• [Work instructions]: Send back the line that contains "Theater Cast Framed" and all lines following it through the end of the data below, exactly, omitting pictures.

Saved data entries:
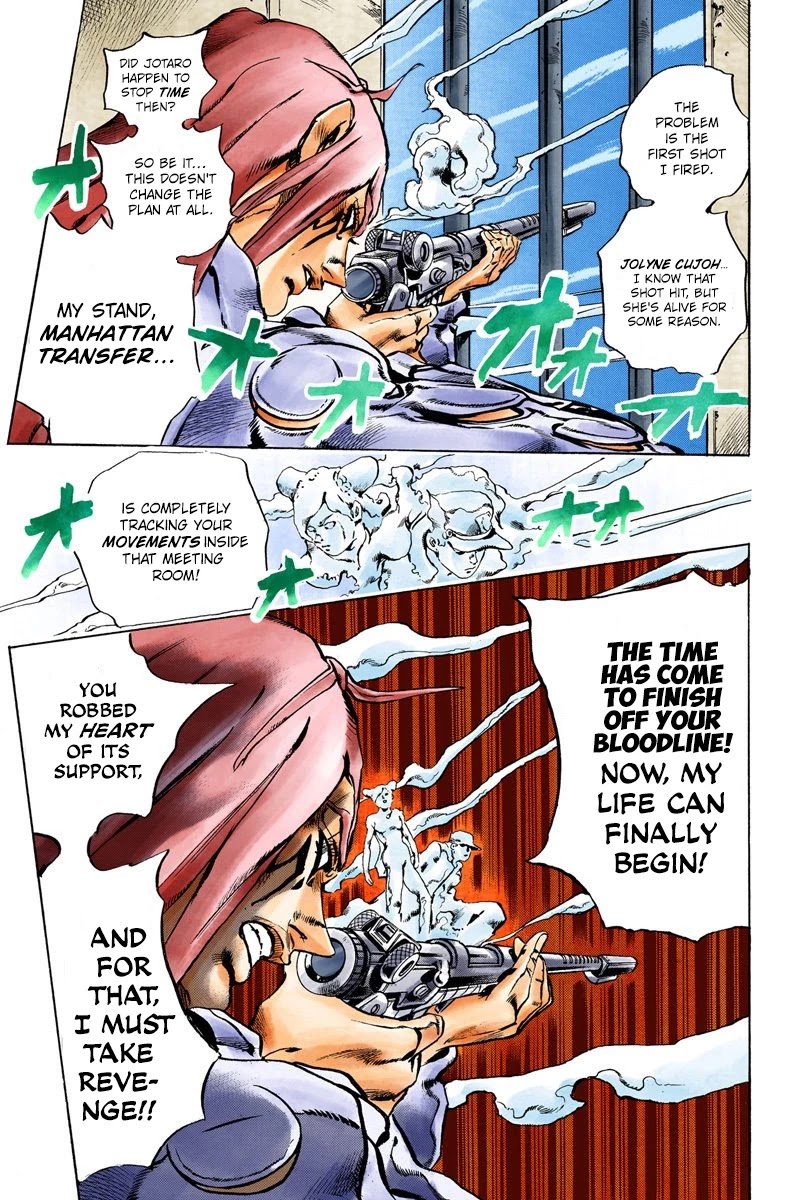 JoJo's Bizarre Adventure Part 6 - Stone Ocean (Official Colored) chapter 14 page 8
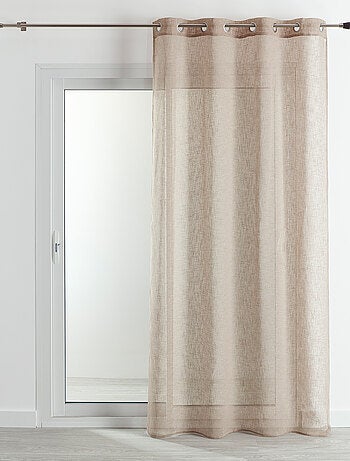 Voilage tamisant - Effet matière à œillets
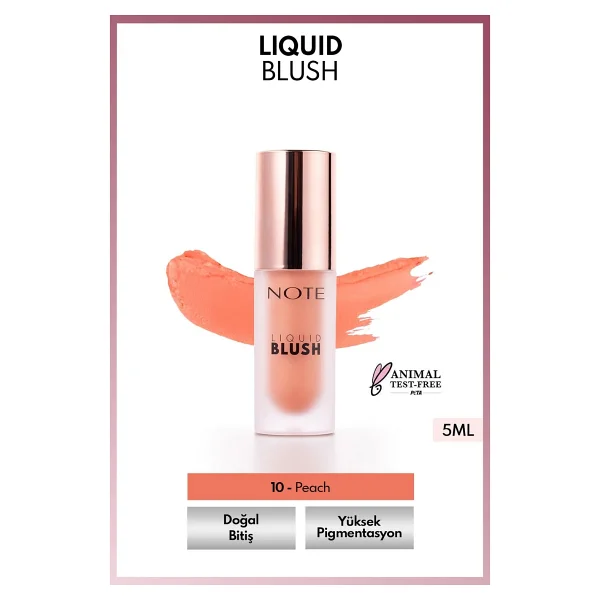 Note Nemlendirici Etkili 10 Peach Likit Allık - Görsel 3
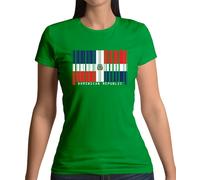 Repubblica Dominicana Barre Stile Bandiera - T-Shirt - Bandiere Santo Domingo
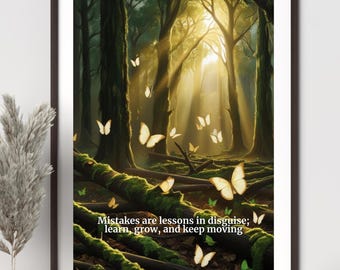 Mistakes are lessons in disguise—learn, grow, and keep moving - Digital Art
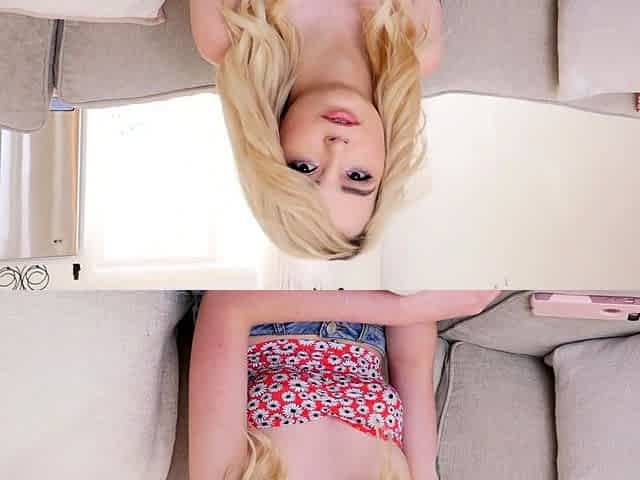 Bratty blonde teen stepsis fucks stepbro
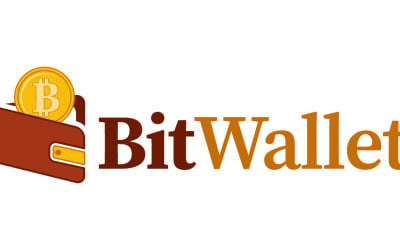 Bit Wallet Crypto Logo Template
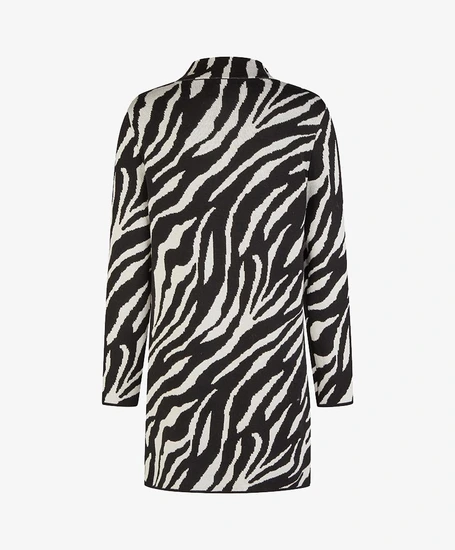 Barbara Lebek Vest Animalprint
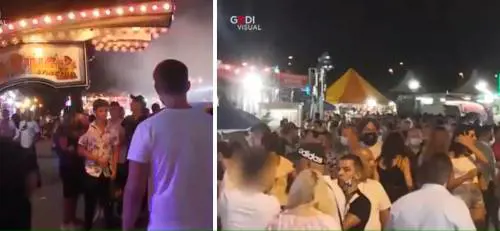 Folla e assembramenti alla Festa dell'Unità "Ma lì non c'è il Covid?"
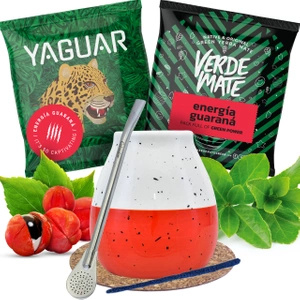Yerba mate σετ Calabash + Bombilla 2x50g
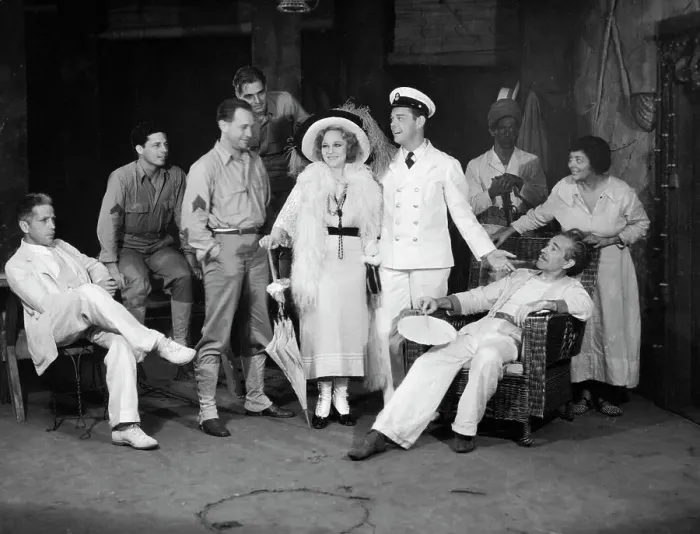 Framed Print : Humphrey Bogart and Sally Rand with Theater Cast Framed Print : Humphrey Bogart and Sally Rand with Theater Cast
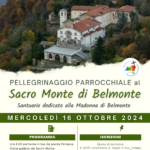 Pellegrinaggio Sacro Monte di Belmonte 16 ottobre 2024 Parrocchia San Giovanni Battista Orbassano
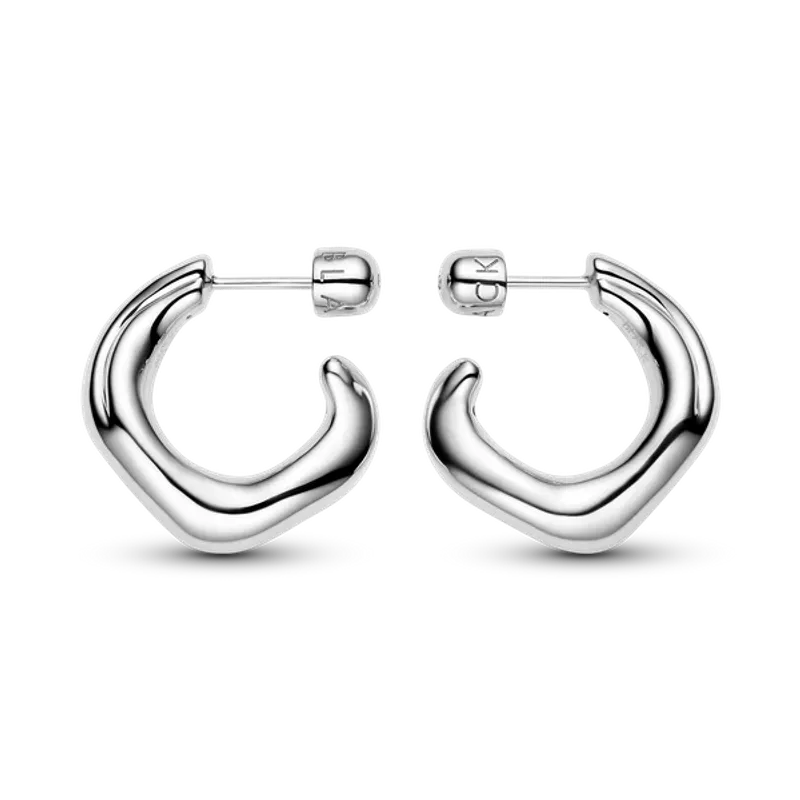 ANIL Hoop Large Silver PAIR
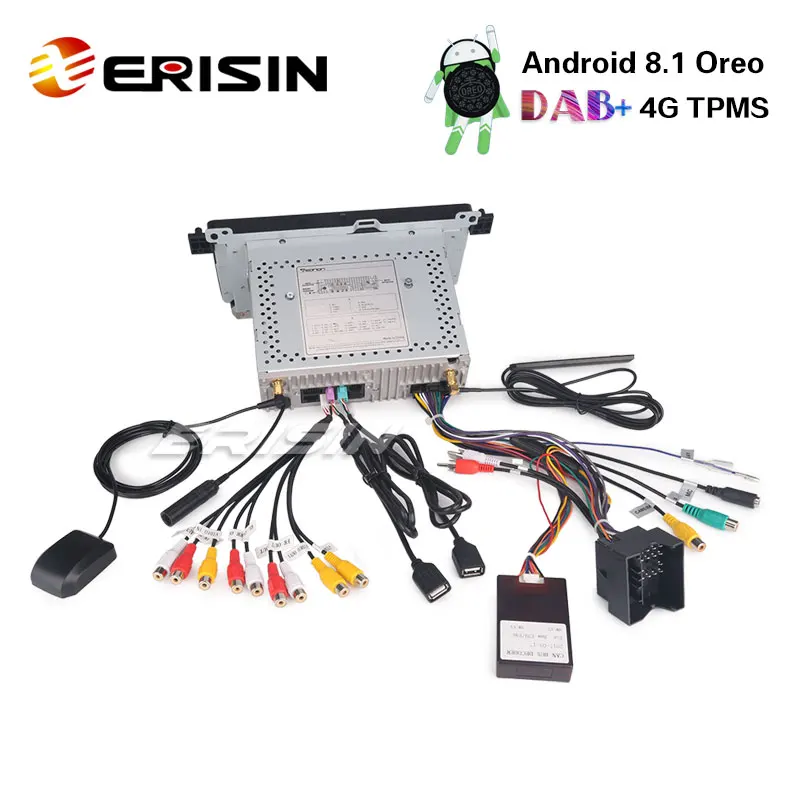 Erisin ES3346B 1 гама 7 дюймов машинный DVD плеер Android 8 автомобильный стерео gps DAB + 4G для BMW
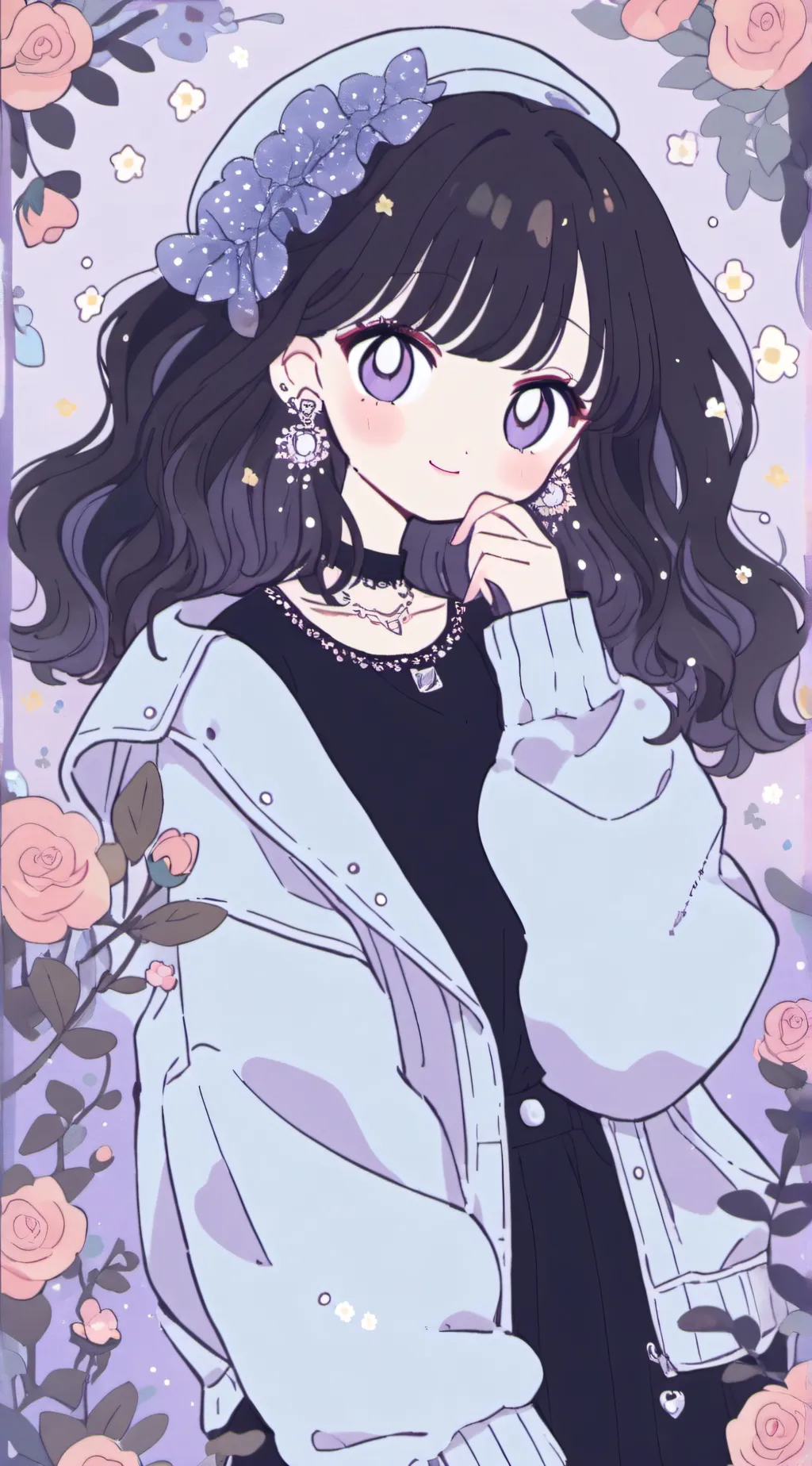 ai character: Luna  background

• [Answer section]:
 Framed Print : Humphrey Bogart and Sally Rand with Theater Cast Framed Print : Humphrey Bogart and Sally Rand with Theater Cast
 Pellegrinaggio Sacro Monte di Belmonte 16 ottobre 2024 Parrocchia San Giovanni Battista Orbassano
 ANIL Hoop Large Silver PAIR
 Erisin ES3346B 1 гама 7 дюймов машинный DVD плеер Android 8 автомобильный стерео gps DAB + 4G для BMW
 ai character: Luna  background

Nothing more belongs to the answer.